I was mixing some meat tonight that I'm going to smoke tomorrow for some venison summer sausage. The mix on the recipe is 5 pounds of pork and 10 pounds of venison with 8 oz of tenderquick salt. 

I guess I looked at the scale I was using wrong ( I got my job so I wouldn't have to do math!) and I came out with more meat prepped then I should have. I'll be checking again in the morning when I'm not tired, but it seems I ended up with 18 pounds of meat that I already packed into the sleeves. Is this something that I need to worry about? I'm planning on smoking it all tomorrow and will get it up to the right temp that I know I need to do, but I want to make sure everything will be safe to eat. 

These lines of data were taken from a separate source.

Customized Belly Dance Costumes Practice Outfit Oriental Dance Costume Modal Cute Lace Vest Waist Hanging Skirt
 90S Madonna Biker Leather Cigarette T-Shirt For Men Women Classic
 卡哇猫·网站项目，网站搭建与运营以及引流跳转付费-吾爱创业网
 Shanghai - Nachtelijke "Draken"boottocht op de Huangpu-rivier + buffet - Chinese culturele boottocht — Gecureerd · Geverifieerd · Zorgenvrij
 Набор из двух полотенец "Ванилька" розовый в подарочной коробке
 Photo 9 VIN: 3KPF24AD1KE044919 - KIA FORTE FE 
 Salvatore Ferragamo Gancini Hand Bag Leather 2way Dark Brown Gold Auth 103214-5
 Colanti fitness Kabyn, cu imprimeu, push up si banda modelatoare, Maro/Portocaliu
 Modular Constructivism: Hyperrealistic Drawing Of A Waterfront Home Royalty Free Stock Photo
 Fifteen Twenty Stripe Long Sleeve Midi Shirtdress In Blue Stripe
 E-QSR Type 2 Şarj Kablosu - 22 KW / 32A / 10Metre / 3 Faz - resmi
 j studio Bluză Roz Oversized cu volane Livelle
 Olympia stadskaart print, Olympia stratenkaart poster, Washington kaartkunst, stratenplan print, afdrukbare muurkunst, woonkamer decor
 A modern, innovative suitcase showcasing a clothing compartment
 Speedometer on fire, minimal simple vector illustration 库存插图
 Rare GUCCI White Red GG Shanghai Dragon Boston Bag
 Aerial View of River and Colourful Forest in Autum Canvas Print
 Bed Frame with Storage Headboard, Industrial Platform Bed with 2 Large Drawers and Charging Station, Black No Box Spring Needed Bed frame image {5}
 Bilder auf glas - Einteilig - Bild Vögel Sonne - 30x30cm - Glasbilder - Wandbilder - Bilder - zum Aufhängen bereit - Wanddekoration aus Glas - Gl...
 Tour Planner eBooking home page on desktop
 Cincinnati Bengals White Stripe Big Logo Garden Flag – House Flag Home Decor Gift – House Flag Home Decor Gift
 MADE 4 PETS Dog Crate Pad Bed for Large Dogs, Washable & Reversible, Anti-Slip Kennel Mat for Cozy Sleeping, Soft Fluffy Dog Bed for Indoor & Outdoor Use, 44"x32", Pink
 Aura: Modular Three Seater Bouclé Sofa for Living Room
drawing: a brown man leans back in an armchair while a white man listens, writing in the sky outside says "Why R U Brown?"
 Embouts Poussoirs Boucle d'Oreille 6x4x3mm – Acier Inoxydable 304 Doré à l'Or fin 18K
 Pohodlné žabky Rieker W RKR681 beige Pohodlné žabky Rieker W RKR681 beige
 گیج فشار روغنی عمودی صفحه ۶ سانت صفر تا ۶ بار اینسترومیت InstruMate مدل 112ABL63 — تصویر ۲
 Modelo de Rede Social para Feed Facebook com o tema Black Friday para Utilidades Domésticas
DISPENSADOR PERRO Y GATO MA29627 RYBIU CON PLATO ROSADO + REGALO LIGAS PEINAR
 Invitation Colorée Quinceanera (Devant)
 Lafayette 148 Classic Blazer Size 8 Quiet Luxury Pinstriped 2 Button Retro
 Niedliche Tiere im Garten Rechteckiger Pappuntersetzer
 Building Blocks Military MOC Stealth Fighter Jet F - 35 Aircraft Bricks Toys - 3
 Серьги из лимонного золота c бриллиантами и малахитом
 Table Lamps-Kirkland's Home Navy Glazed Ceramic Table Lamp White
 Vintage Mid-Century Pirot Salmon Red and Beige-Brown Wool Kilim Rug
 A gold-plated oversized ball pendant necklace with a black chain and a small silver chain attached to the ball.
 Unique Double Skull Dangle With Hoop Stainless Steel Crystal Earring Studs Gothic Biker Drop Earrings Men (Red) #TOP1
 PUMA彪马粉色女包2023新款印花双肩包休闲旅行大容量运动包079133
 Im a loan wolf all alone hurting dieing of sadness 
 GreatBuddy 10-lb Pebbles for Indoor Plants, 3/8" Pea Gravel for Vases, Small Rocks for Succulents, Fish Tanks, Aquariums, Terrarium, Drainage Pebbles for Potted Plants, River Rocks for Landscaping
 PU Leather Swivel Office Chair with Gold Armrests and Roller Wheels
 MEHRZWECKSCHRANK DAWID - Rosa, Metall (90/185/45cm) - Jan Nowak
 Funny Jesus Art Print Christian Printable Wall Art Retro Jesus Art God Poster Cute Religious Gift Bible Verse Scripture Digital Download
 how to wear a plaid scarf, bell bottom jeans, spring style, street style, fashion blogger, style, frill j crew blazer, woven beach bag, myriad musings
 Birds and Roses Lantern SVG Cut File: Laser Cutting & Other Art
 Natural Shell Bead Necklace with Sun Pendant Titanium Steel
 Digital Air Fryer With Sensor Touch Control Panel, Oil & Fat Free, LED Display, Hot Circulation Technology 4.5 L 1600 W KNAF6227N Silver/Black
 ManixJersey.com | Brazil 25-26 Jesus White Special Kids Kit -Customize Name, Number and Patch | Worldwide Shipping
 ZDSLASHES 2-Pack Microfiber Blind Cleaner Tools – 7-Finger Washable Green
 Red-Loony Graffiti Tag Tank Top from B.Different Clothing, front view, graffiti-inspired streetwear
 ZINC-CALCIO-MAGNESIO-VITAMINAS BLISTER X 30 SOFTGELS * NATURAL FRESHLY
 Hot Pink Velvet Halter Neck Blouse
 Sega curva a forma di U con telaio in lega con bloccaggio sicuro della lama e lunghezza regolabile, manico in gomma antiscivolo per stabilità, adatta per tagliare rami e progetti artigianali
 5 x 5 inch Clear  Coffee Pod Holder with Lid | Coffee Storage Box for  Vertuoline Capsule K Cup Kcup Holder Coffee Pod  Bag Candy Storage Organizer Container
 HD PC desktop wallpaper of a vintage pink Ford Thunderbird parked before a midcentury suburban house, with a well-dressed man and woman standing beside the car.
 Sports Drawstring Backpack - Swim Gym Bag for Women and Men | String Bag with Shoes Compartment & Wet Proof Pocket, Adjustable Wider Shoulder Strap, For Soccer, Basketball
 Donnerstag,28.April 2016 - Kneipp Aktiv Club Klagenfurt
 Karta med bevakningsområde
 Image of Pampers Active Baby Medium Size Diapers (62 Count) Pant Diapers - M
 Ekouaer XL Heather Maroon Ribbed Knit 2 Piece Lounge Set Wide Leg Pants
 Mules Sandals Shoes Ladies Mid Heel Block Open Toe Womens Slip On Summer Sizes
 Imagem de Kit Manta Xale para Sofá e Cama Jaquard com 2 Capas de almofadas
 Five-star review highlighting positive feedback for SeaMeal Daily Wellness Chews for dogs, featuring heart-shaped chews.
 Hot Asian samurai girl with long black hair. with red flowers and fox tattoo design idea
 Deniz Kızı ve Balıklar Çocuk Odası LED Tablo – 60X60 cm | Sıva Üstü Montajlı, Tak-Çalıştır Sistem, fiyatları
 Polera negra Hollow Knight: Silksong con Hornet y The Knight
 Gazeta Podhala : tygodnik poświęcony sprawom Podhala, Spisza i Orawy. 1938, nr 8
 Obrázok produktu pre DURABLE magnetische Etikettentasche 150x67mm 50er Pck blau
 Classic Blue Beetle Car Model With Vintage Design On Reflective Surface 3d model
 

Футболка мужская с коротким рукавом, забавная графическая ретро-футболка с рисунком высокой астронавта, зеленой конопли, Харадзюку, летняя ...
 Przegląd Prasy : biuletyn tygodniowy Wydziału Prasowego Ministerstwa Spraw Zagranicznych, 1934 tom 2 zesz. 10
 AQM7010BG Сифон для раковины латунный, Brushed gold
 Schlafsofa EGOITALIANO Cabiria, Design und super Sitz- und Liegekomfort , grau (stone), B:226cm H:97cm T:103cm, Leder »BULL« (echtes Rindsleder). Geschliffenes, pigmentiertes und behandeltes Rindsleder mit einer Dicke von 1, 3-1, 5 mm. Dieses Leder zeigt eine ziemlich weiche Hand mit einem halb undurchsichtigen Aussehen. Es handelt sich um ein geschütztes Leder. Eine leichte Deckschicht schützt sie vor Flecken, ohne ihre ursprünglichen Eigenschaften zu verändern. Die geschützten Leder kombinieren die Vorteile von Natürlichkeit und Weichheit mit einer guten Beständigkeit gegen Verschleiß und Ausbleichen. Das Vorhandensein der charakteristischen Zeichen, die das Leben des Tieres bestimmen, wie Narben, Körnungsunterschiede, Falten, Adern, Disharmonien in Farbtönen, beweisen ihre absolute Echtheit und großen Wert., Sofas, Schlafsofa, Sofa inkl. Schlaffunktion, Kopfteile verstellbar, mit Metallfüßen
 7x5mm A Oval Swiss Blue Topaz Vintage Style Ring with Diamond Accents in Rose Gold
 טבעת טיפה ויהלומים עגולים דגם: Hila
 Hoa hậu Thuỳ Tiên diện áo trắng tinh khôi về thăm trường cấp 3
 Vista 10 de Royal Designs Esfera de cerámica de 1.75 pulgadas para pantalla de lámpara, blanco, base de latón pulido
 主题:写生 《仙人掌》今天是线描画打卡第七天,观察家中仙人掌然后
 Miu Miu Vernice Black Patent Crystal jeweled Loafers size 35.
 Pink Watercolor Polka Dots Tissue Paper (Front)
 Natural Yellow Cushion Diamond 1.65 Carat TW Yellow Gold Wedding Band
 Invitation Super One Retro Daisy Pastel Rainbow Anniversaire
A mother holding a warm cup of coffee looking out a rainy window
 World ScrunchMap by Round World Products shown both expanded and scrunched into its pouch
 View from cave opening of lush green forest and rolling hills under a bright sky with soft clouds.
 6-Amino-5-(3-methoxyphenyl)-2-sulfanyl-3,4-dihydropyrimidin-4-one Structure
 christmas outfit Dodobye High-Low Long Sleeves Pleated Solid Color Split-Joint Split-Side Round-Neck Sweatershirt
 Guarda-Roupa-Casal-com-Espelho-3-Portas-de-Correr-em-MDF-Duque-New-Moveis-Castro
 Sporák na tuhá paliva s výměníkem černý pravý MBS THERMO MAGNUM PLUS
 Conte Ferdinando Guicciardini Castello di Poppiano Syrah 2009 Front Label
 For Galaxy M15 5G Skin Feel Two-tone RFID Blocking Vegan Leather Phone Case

Do I need to unload all the meat form the sleeves and add a bit more salt or should it all be ok?


----------



## daveomak (Dec 23, 2016)

From the weights, 18#'s, you posted, your salt is about 2.7% and the nitrtie is about 138 Ppm, 8 oz TQ...   looks good to me...  very typical for TQ use...

If you find it too salty, about the only thing you can do is switch to cure #1 where you add the salt separate from the cure...  or, cut down on the TQ to 2% of the weight of the meat which puts the nitrite at about 100 Ppm which is a bit low to be sure you are safe.....   If I remember correctly, the lower acceptable limit for nitrite, according to the USDA, is about 120 Ppm...


----------



## chef jimmyj (Dec 23, 2016)

Dave is spot-on. You are still in the acceptable range for safety...JJ


----------



## smokingrev17 (Dec 23, 2016)

Thanks you guys, this came with a sigh of relief! I thought for a moment that I was going to have to cut all the sleeves up, mix in a bit more spice and salt, and then re-stuff them. I'm hoping I didn't lose too much of the flavor of all the other spices, but we'll see. Heading out to smoke them today! 

Thanks again! Have a Merry Christmas!


----------



## daveomak (Dec 23, 2016)

...........
	

	
	
		
		



		
			






.........


----------